Он не понимал зачем так много есть на похоронах. Но было так вкусно, и он не знал куда себя деть, он считал, что это не место и не время для еды, но не мог остановиться. Ему казалось, что он ест в последний раз, что он сам может вот так совсем скоро лежать в темной комнате на табуретках.

Он боялся своей очереди в прощании. Ему казалось, что ее можно избежать. Он смотрел на маму, пытаясь понять по выражению ее лица — сможет ли он избежать своей участи. Но видел ясно, и у него болело от этого в животе, что мама хочет, чтобы он седлал нужное — попрощался как положено.

Потом его рвало в огороде. Слишком много съел, слишком много произошло. На пальце было до сих пор пятно от ограды для бабушки. Бабушки, которую он боялся, к которой не хотел ехать, от которой плохо пахло, которую презирал, и которую должен был любить. Шёпот в комнате с усопшей, кажется, оглушал его. Эти взгляды незнакомых для него людей вокруг, этот спертый воздух, непроветриваемого помещения, кажется, что не только дух бабушки, но и другие собрались. И воздух стал тяжёл от всех слов, от всхлипываний, от духов, и невозможно было дышать.

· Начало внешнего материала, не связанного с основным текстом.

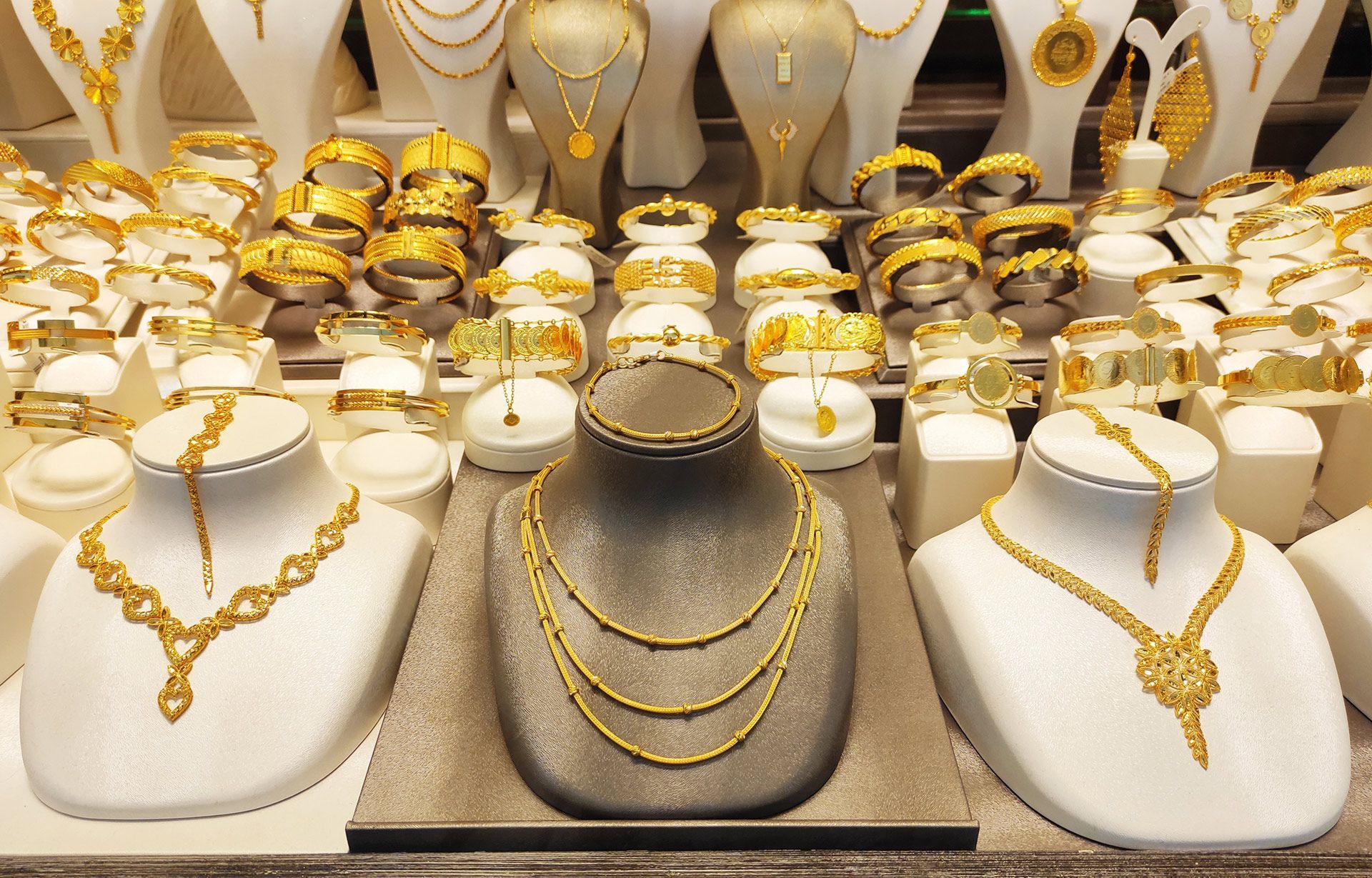 Gold necklaces and bracelets displayed on white busts in a jewelry shop window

-Море волнуется раз, — повторил мальчик про себя.

Лики с образов смотрели на Витю, они знали правду, они знали, что он боялся и не хотел быть здесь.

-Море волнуется два, — Витя стоял на коленях в огороде и его рвало, он вытирал лицо рукавом костюма, в котором было жарко.

-Море волнуется три, — безучастное лицо мамы, непоколебимое, как скала. Нет, она не потерпит от него слабости, он должен сделать как положено.

-Море волнуется три, — и этот взгляд бабушки, когда они к ней пришли в последний раз, там была усталость и мольба. Он не заметил, он обратил внимание на то, как она жила, на ее неухоженность, на близость смерти, он испугался и только когда она умерла, и его выворачивало на изнанку в огороде он вспомнил этот взгляд. Взгляд мольбы, страха, сожаления и прощения.

-Морская фигура замри, — Витя стоял на коленях в огороде и плакал, ревел, бил руками горячий снег, выл в голос. Слезы падали на песок, он вытирал их рукавом и не мог остановиться.

Мальчика нашли уснувшим в огороде ближе к вечеру. Все были заняты и думали, что ребёнок вместе с другими детьми ушёл к соседям. Отец поднял ребёнка на руки, чтобы унести в дом и заметил следы ещё одного человека, он был рад, что когда его сыну было плохо, кто-то оказался рядом и поддержал. Он инстинктивно обернулся и оглядел огород, никого не было. Солнце заходило. Он отнёс мальчика в дом.